We are a B2B WealthTech startup based in Abu Dhabi and backed by BNY Mellon (America’s oldest bank and first company to list on NYSE) and Lunate (a new $50B AUM alternative asset management firm based in Abu Dhabi, UAE). The company has raised $300M to build a state of the art wealth technology platform.
Our mission is to power and grow our clients’ Wealth franchises through differentiated experiences, financial solutions, and insights. Our digital wealth management platform- will enable banks and other financial institutions in the Middle East to grow and further penetrate affluent, HNW and UHNW investor segments.
While still leveraging the capabilities and knowledge of large organizations, our fintech is a startup with truly cross-functional and agile teams.
For more information, please visit www.alpheya.com
Role
We are building an SRE team that owns production reliability end-to-end across data ingestion pipelines + backend services + Kubernetes deployments + observability.
This is not a tickets-only ops role. You will debug complex production issues, ship permanent fixes (code/config), and harden the system so issues don’t repeat. You’ll work across ingestion/ETL (Snowflake and other sources), application services (Go/Node.js), and platform operations (Kubernetes/Helm), with strong emphasis on incident response and reliability engineering.

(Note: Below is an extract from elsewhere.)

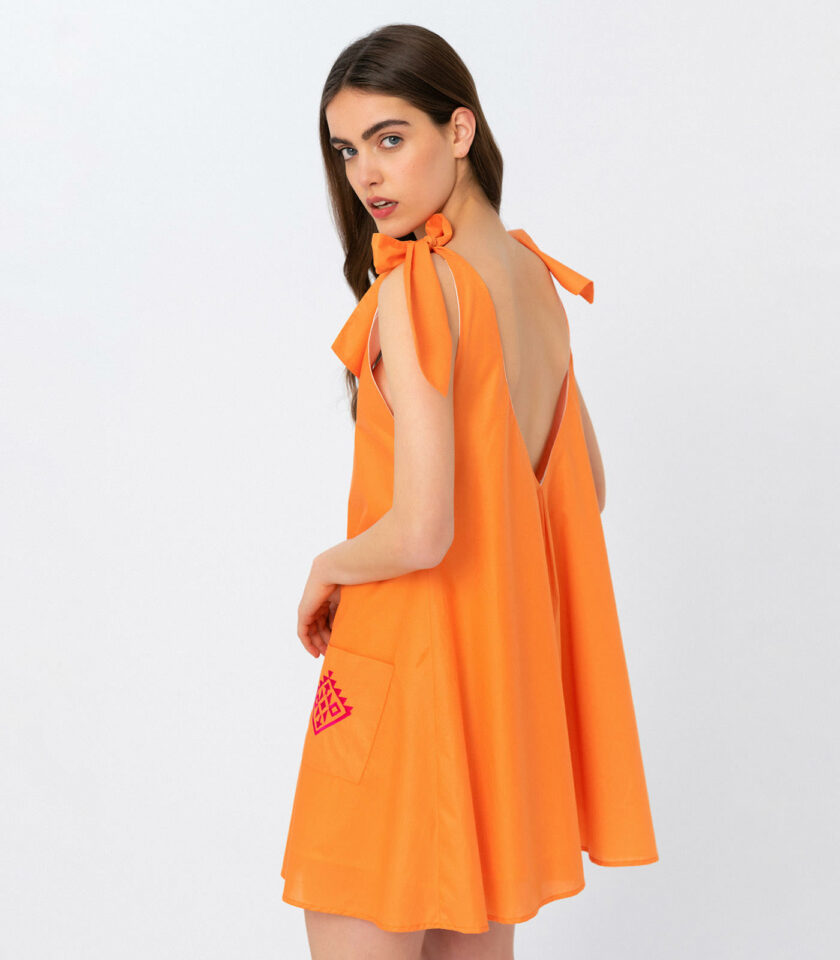 Low Back Mini Dress / Εξώπλατο Μίνι Φόρεμα - Elizabeth LaGre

What you’ll do- Own production reliability for ingestion workflows end-to-end including SLAs and incident response.
- Lead and execute incident response for ingestion + application failures: triage, mitigation, stakeholder comms, and coordination across teams.
- Debug and resolve ingestion and data mapping issues (client-specific FinTech files, schema changes, edge cases) and ensure correctness post-fix.
- Operate ingestion services/workers on Kubernetes: troubleshoot rollouts, config/secrets, scaling, resource bottlenecks, node/pod issues, and runtime failures.
- Handle data recovery safely: replays/backfills, idempotency checks, dedupe strategies, reconciliation queries, and data-quality validation.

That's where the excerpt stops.